2022年10月1日現在で日本人人口は1年間に75万人減少し11年連続で減少幅が拡大、人口の偏在化も進み過疎進行地域では宅配効率が低下

 今回の協業の根底にあるのは日本の人口減少だ。

 総務省が発表した2022年10月1日現在の日本の総人口は1億2494万7000人で、前年から55万6000人の減少だった。人口減少は12年連続である。このうち日本人の人口は1億2203万1000人で、前年に比べて75万人も減少した。減少幅は11年連続で拡大している。

 以下は日本人の人口だけをみるが、1年間に75万人も減少することがいかに大変なことか。総務省が同時に発表した都道府県別の日本人の人口は、一番少ない鳥取県が53万9000人。続いて島根県64万8000人、高知県67万1000人、徳島県69万8000人、福井県73万8000人、山梨県78万4000人、佐賀県79万3000人である。5番目に少ない福井県よりも1万2000人も多い人が1年間に減っているのだ。

 さらに人口の偏在化が進んでいることも、宅配の非効率化につながる。2021年10月1日時点では、1年間に人口が増加したのは沖縄県だけだった。転入者より転出者が多い社会減少だったが、死亡者より出生者が多い自然増加が上回ったために、トータルで沖縄県は人口が増加した。

 だが、2022年10月1日では、1年間に人口が増加したのは東京都だけである。東京都は自然減少だが社会増加だったのでトータルで人口増加になった。前年はコロナの影響で東京からの転出者が増えて人口が減少したが、その後、社会増加に転じつつある。

 その他、自然減少だが社会増加した道府県をみると、大都市のある府県への人口流入がみてとれる。このような人口の偏在化の進行は、都道府県内あるいはもっと狭域の市町村内においても同じような傾向がみられる。同一自治体内でも生活インフラの整っている地域に人口が集中する傾向である。

 これは物流とりわけラストワンマイルの宅配においては、配送密度の地域間格差が大きくなり、非効率化につながってくる。

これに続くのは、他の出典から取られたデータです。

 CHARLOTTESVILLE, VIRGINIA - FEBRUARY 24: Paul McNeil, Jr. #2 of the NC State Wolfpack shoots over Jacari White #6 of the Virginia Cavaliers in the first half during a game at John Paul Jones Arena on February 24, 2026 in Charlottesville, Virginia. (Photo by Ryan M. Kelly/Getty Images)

 ヤマトホールディングスの有価証券報告書(2023年3月期)によると、「地域の過疎化によるリスク」のなかで以下のように書かれている。「過疎化や高齢化が進む地域では、配送効率の低下や集配を担う人材不足が顕在化しており、今後、地域経済が縮小することにより地域社会インフラの衰退などの問題が深刻化する場合や、そのような地域における収益性が低下することで、中長期的な観点で全国をきめ細かくカバーする物流ネットワークの維持が困難になる場合、ヤマトグループの経営成績等に影響を与える可能性があります」。そして「物流ネットワーク全体の生産性を向上させるため、都市部を中心とした拠点の集約・大型化」など「既存ネットワークの強靭化に取り組んで」いく。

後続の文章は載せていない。